4つのオペラ 北部イタリアオペラ

四つのオペラを観てK.518 水谷 康男
2016年もまもなく半年が過ぎようとしております、会員の皆様はいかが音楽生活をお過ごしでしょうか? 
 ここ名古屋、そして愛知、東海地方と開催されるコンサートはあふれんばかりの数です。日本国内、特に関東圏のコンサートに至っては、毎日毎晩いくつもの演奏会が大小数々のホールで開かれており、体が(お金も)いくつあっても足りない状況です。また、インターネットを通じて、世界各地のコンサートをライブ映像で見ることもでき(これは時差の関係で、日本では深夜になることがほとんどだが)最新録音の演奏(CDはじめ、LP、デジタルデータなど)も、メジャーレーベルは減少の一途ですが、国内のCDについては、私家版、そしてマイナーレーベルなどその数は、とても把握できないほどおびただしい数となっています。

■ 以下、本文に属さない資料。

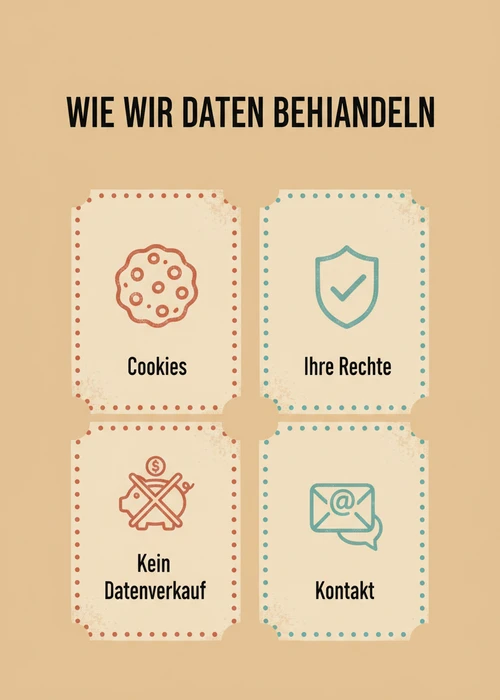 Wie das Portal über ausländische Casinos Daten behandelt: Cookies, Ihre Rechte, kein Datenverkauf und Kontakt.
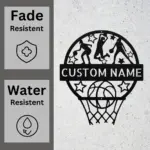 Custom Basketball Metal Sign
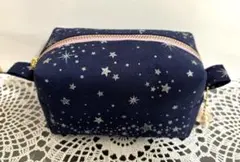 星柄BOXポーチ
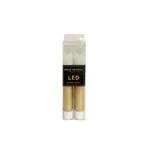 Home Society LED Dinner Candle goud/wit  kort per stuk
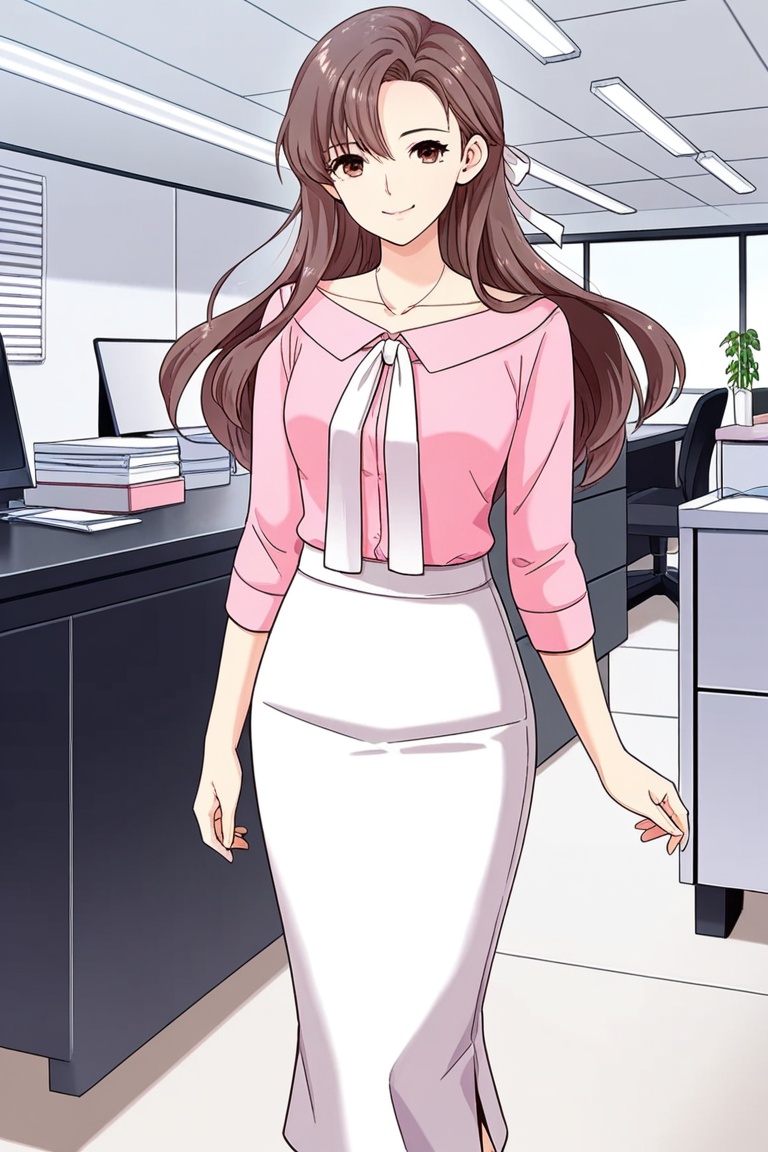 1girl,  solo,  brown hair on Tensor.Art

 また、放送については、公共放送のクラシック番組は、改編の度に減少してきておりますが、インターネット、有料放送(クラシカジャパンなど)、などの新しいメディアに目を向ければ、ほぼ世界中の録音・録画が手に入るという便利な世の中になってきたものと思いますし、こうしていろいろなメディアを考えるだけでも頭が一杯になってしまうのですが、いくらあっても体は一つ、いずれかに的を絞る以外はありません。 
 その中で、再現できない瞬間を共有するという点で、今の私は生の演奏体験が一番好きです。それだからこそ、普段ではできない体験を求めて、昨年来計画してきた北イタリアのオペラツアーを13名のメンバー(と知人5名)参加のもと5月に6泊8日で実行したのです。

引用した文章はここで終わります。